Policy & Regulation News

Adapting the Healthcare Revenue Cycle to Changing Regulation

By Jacqueline DiChiara

- Providers continue to evaluate healthcare revenue cycle and volume in relation to the Affordable Care Act (ACA). ACA’s underlying elements — Medicaid expansion and reform — are under close examination.

Derek Bang, CPA, CGMA, Chief Innovation Officer and Leader Of Healthcare Performance Consulting at Crowe Horwath LLP, spoke with RevCycleIntelligence.com about direction of the healthcare revenue cycle regarding payer demographic shifts and what happens when hospitals sacrifice their reimbursements in an attempt to generate increased revenue.

Bang says providers can effectively adapt dynamic benchmarking solutions to properly assess performance and ROI of tools used to assist in collection and uninsured conversion to coverage. “We are collecting daily transaction-level data from hundreds of hospitals that allows for ‘pure’ calculation of performance metrics and in near-real time (versus periodic surveys of hospitals or asking them to self-report data),” he reveals.

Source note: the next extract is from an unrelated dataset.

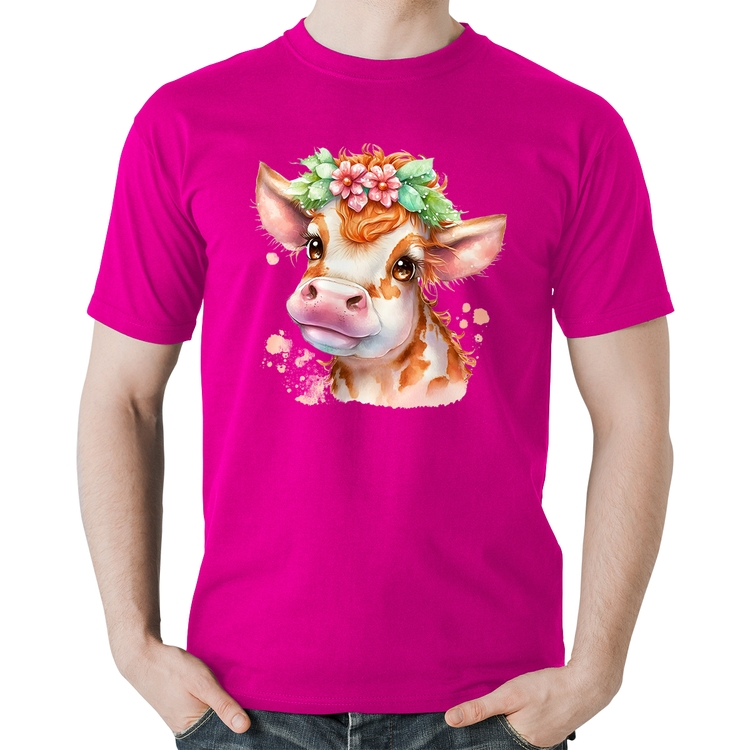 Camiseta Algodão Vaquinha E Flores - Rosa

As revenue cycle’s structure continues to change, the need to better understand its performance is rapidly increasing. Bang says this loud demand is being actively addressed.

“The response from health systems wanting to participate in our initiative has been phenomenal, so there seems to be a real belief and desire for more precise analytics around revenue cycle performance, and the timeliness of the data is very important, given how quickly the landscape is changing,” he explains. “The report we have just released is merely a snippet of the data that we now have access to for benchmarking performance.”

Such analysis comes at a critical time. Hospitals are sacrificing their reimbursements in an attempt to receive more revenue. The focus of revenue cycle and medical reimbursement is shifting.

“Consumer-driven healthcare is a very significant trend, given the growing prevalence of high-deductible health plans noted in our report, along with an increasing focus by the payers on value-based reimbursement models,” Bang maintains. “Competitive and transparent pricing of services, high quality clinical outcomes, and effective billing and collection process are becoming more important than ever.”

The payer base has shifted amid market changes. Perspectives require adjusting. This directly affects long term revenue cycle, Bang claims.

“There are several important impacts driven by the shift in payer mix,” he continues. “The front-end of the revenue cycle must be diligent with determining Medicaid eligibility and assist uninsured patients understand their coverage options with the insurance exchanges.  There must be greater focus on point-of-service cash collections, given the growing amount of patient responsibility for payment.  Lastly, communication and coordination between revenue cycle teams and clinical areas to properly support and document outcomes, respond to denied claims, etc. will continue to be a challenge.”

The primary reason a state chooses to consider Medicaid expansion, especially in regard to those who most recently implemented expansion, is driven by a variety of factors.

“Most Republican states have taken the view that traditional Medicaid programs are fiscally unsustainable and have not supported expansion,” Bang observes. “Most recently, Indiana (Republican leadership) has agreed to expand Medicaid through the Healthy Indiana Plan (after getting clearance from CMS), which is a non-traditional Medicaid program that requires some patient payment responsibility and other factors that may better control the long-term fiscal impact on the state.”

The future implications of claim management mean an outpouring of problematic outcomes requiring fresh resolution, says Bang.

“Claim management will likely only become more complex, due to several factors:  difficulty in verifying coverage and determining the responsible party (patient, insurance, Medicaid, etc.) for portions of claims, managing a high amount of uncompensated care from high-deductible health plan members, responding to a higher volume of claim denials from a larger population of insured claims, and the need to support value-based reimbursement determinations,” he states.

According to the Crowe Horwath benchmarking analysis, 18 percent of high-deductible health plans are employer-sponsored. Bang expects this number to increase in 2015.

“Many employers are having to move to high-deductible health plans from preferred provider organizations or other products to avoid being penalized in future years by the ‘Cadillac plan’ tax under the Affordable Care Act (in addition to the potential economic benefits of lower benefit costs/smaller annual premium increases to employees),” Bang adds.

Crowe Horwath’s data shows contrasting financial indicators between Medicaid expansion and non-expansion states.

It additionally reports net revenue per case in Medicaid expansion states has increased more substantially than in non-expansion states because of the conversion from self-pay to Medicaid.

Although there was a 10.8 percent increase and a 2.2 percent increase, respectively, Bang says it may be too early at this time to effectively define what such information implies.

“It is possible that pent up demand for services from newly-eligible Medicaid patients could account for the increase in 2014 but may not necessarily continue, but that is speculation at this point,” he notes.